The normative analyser:

brillefutterálat	brillefutterálat	+?

Lexical homonymi: how to identify the correct lemma e.g. in a dictionary

Two lemmas, which base forms are homonyms, have different paradigms and semantics.

The lemmas belong to different stem-categories: Add morphogical tags

Example from North Saami. G3 tag for Grade 3 for consonantgradation with geminate in lemma, e.g. ss:

beassi:beassi BEARRI "reir" ;
beassi+G3:beas'si AIGI "never" ;


beassi	beassi+N+G3+Sg+Nom
beassi	beassi+N+G3+Sg+Acc
beassi	beassi+N+G3+Sg+Gen
beassi	beassi+N+Sg+Nom

beasi	beassi+N+Sg+Gen
beasi	beassi+N+Sg+Acc

Example from North Saami. NomAg tag for derivation Nomen Agent

vuovdi+NomAg:vuovdi ACTOR "salesman" ;
vuovdi:vuov'di AIGI "forest" ;


vuovdi	vuovdi+N+NomAg+Sg+Nom
vuovdi	vuovdi+N+NomAg+Sg+Acc
vuovdi	vuovdi+N+NomAg+Sg+Gen
vuovdi	vuovdi+N+Sg+Nom

vuovddi	vuovdi+N+Sg+Gen
vuovddi	vuovdi+N+Sg+Acc

There is no reason for adding morphogical tags: Add homonymi tags

Example from South Saami:

govledh+Hom1:govl TJOEHPEDH_TV "höra" ;
govledh+Hom2:govl VÅÅJNEDH "höras" ;


gåvla	govledh+Hom1+V+TV+Ind+Prs+Sg3

govloe	govledh+Hom2+V+IV+Ind+Prs+Sg3

Orthograpic variants of the same lemma: tags v1, v2…

Orthograpic variants of the same lemma, for base form and at least parts of the inflection paradigm, should be under the same lemma.
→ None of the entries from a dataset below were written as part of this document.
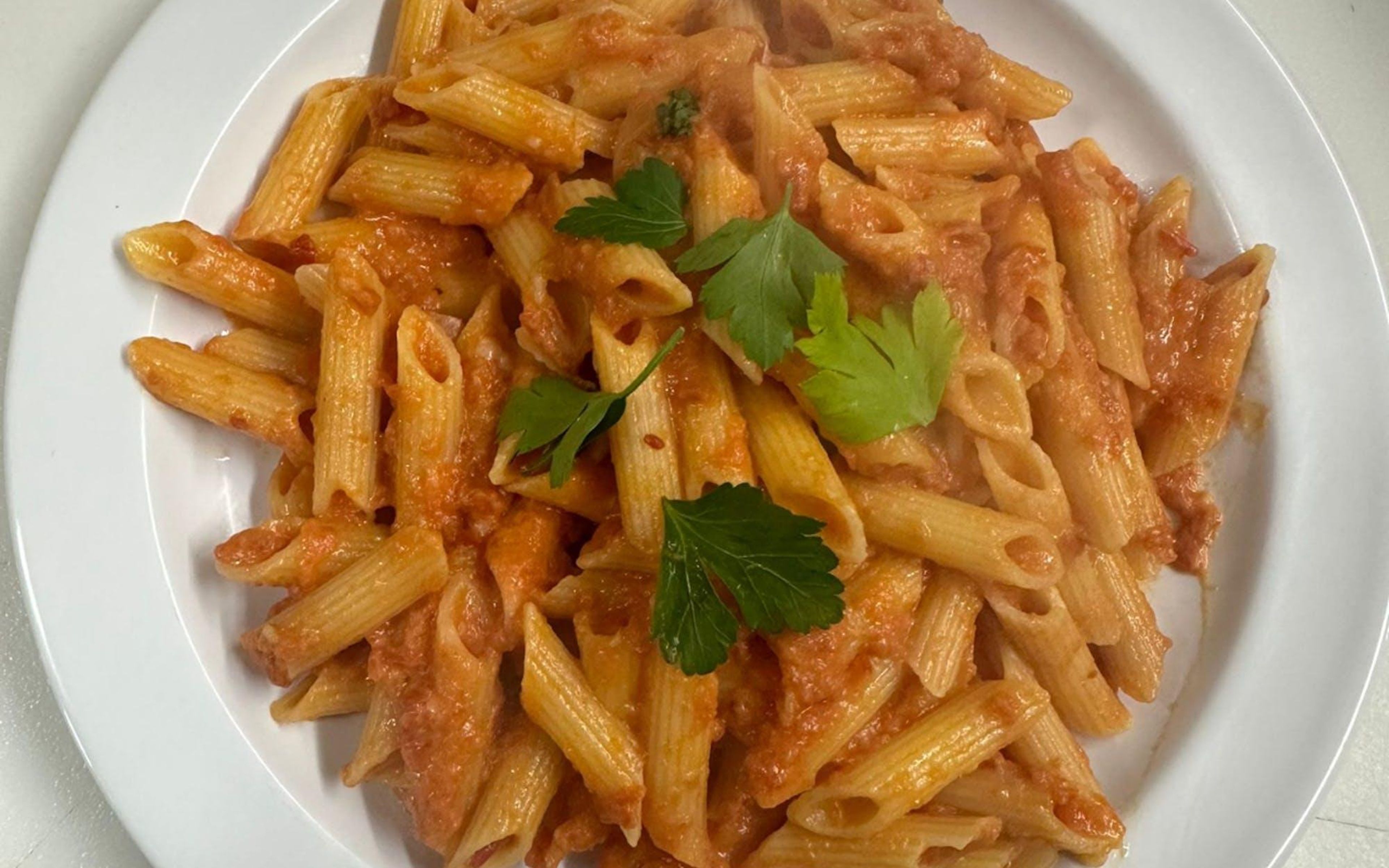 Penne Vodka Catering.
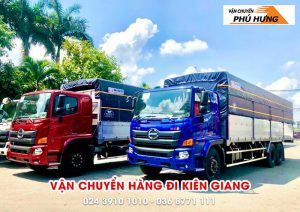 Vận chuyển hàng đi Kiên Giang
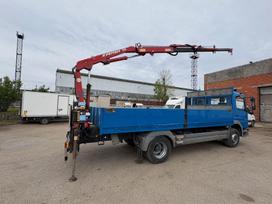 Mercedes-Benz Atego 1223+FERRARI 550, dropside trucks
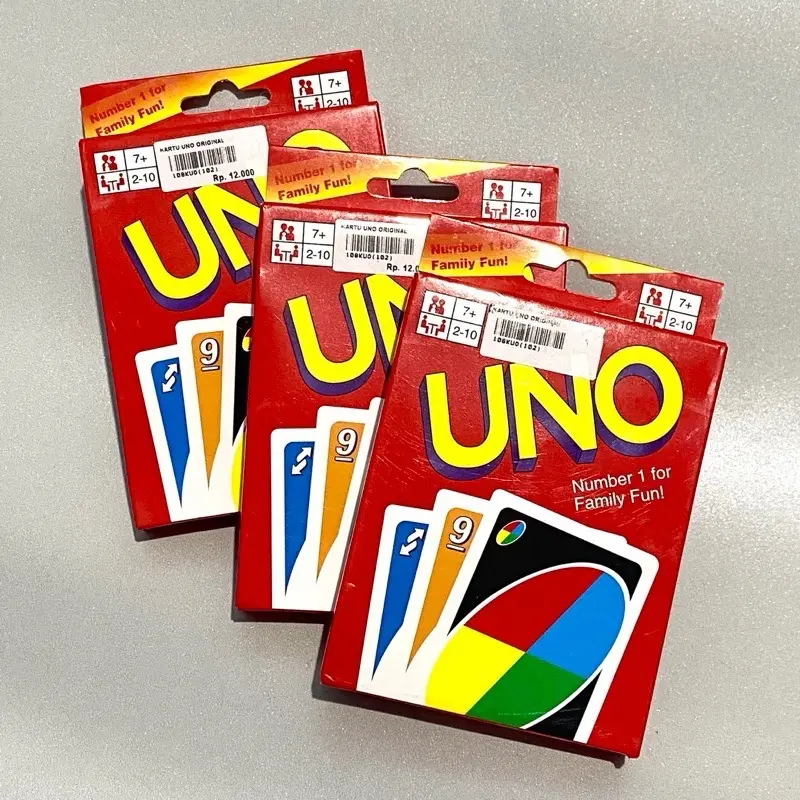 Mainan Kartu Uuno Board Game Mainan Seru Game Keluarga 0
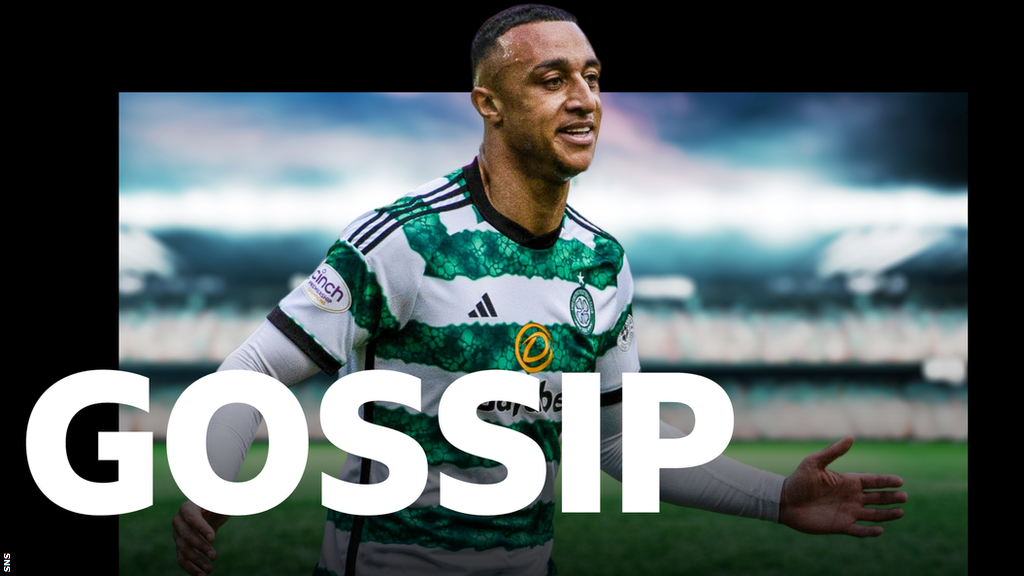 Celtic forward Adam Idah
But we can add a variants tag as a help to recognize the correct base form for the paradigm.

Example from North Saami.

mandáhta+v2:mandáhtta GOAHTI-A ;
mandáhta+v1:mandáhta STAHTA ;

If the base forms are identical, but there are variants in the inflection, we don’t use these tags.